Adult sufferers of ADHD often have difficulty focusing and tuning out distractions. Participating in conversation with others can also be a challenge when behaviors such as zoning out when someone else is talking or the inability to stay on one topic when speaking are common. Emotionally, adults with ADHD often have unpredictable moods, low tolerance for frustration and high anxiety levels. These problems are exacerbated when procrastination, disorganization, and the inability to start and/or finish projects create negative consequences in a job or family setting.
On the positive side, people with ADHD are often highly creative and intelligent. Many artists, musicians and writers have ADHD and are able to turn some of their difficulties into benefits. Although there is not a cure for ADHD, there are ways to manage the symptoms.
ADHD in childhood can manifest, in varying degrees, in an inability to focus, impulsivity and hyperactivity. For kids with ADHD, idle time may exacerbate their symptoms and create chaos in the home, so one of the best ways to avoid problems is by keeping them busy. Additionally, recent studies have shown a link between many of the problems shown by children with ADHD and deficits in working memory. The research suggests that training and improving the function of working memory can diminish the symptoms of ADHD. Studies have shown marked improvement in trained working memory task of children with ADHD through the use of computerized training programs that target working memory (Klingberg, et al. 2002). Additionally, the training generalized to other non-trained cognitive skills such as visual-spatial working memory task and non-verbal complex reasoning tasks.
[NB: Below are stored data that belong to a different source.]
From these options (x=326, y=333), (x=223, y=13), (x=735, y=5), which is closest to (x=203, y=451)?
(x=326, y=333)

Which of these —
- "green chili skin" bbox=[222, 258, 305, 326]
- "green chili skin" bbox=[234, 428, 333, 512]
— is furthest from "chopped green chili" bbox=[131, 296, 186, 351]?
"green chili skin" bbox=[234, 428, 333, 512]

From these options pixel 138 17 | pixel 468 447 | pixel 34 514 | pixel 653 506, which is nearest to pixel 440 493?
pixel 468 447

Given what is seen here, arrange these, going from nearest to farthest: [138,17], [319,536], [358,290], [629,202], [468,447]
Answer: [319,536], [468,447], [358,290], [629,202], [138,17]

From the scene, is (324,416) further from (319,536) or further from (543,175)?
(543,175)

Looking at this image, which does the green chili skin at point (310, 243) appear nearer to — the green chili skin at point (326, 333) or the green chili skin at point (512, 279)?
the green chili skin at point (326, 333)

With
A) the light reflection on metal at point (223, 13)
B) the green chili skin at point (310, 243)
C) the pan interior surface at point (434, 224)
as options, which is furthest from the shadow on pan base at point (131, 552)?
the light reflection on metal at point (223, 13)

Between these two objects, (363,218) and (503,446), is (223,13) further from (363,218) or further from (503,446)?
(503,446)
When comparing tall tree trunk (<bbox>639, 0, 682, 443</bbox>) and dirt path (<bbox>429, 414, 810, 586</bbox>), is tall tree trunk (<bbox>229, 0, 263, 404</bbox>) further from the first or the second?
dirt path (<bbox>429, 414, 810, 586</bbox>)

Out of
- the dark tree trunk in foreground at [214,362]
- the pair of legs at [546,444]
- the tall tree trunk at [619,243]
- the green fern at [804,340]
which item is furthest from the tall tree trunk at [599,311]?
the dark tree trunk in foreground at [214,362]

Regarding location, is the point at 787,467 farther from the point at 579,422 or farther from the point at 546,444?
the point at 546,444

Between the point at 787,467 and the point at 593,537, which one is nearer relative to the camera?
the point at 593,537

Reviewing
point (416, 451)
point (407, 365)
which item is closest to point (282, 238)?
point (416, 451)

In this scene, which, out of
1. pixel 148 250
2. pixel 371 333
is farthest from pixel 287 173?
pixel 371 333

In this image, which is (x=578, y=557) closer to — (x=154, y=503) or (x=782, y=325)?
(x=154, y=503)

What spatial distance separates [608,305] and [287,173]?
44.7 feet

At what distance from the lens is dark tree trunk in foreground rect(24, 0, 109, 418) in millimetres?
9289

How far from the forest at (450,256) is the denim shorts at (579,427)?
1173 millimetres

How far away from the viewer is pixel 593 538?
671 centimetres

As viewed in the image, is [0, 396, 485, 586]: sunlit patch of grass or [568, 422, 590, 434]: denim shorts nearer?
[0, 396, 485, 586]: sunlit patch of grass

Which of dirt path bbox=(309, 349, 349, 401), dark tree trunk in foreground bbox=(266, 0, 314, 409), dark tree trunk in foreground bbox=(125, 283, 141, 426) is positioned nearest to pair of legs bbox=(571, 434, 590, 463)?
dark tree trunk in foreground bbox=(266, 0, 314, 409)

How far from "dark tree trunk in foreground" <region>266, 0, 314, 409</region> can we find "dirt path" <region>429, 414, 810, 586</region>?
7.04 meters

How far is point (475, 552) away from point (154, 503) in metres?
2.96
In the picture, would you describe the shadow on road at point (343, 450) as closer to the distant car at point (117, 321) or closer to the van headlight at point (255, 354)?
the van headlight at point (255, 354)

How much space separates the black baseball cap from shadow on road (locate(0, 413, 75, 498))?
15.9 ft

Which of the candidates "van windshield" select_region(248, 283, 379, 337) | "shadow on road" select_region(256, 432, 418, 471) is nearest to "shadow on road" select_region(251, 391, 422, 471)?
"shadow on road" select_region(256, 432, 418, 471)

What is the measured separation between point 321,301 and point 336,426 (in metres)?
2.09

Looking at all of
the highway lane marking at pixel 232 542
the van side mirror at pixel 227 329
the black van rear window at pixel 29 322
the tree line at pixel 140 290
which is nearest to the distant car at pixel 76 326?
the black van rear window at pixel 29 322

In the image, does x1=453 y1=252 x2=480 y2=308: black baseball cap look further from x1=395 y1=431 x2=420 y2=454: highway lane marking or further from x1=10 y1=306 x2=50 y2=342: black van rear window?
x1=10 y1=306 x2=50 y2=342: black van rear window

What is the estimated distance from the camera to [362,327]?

Memory and Concentration games are a great idea for improving working memory, as well as focus and attention, and they are quick and fun to play. Through repeated playing, brain circuits are “exercised” and challenged, which strengthens connections and thus improves function. Experts on ADD (Attention Deficit Disorder) and ADHD recommend games that are less complicated and low-tech. If there are too many rules or steps to the game, children can easily become frustrated and lose interest.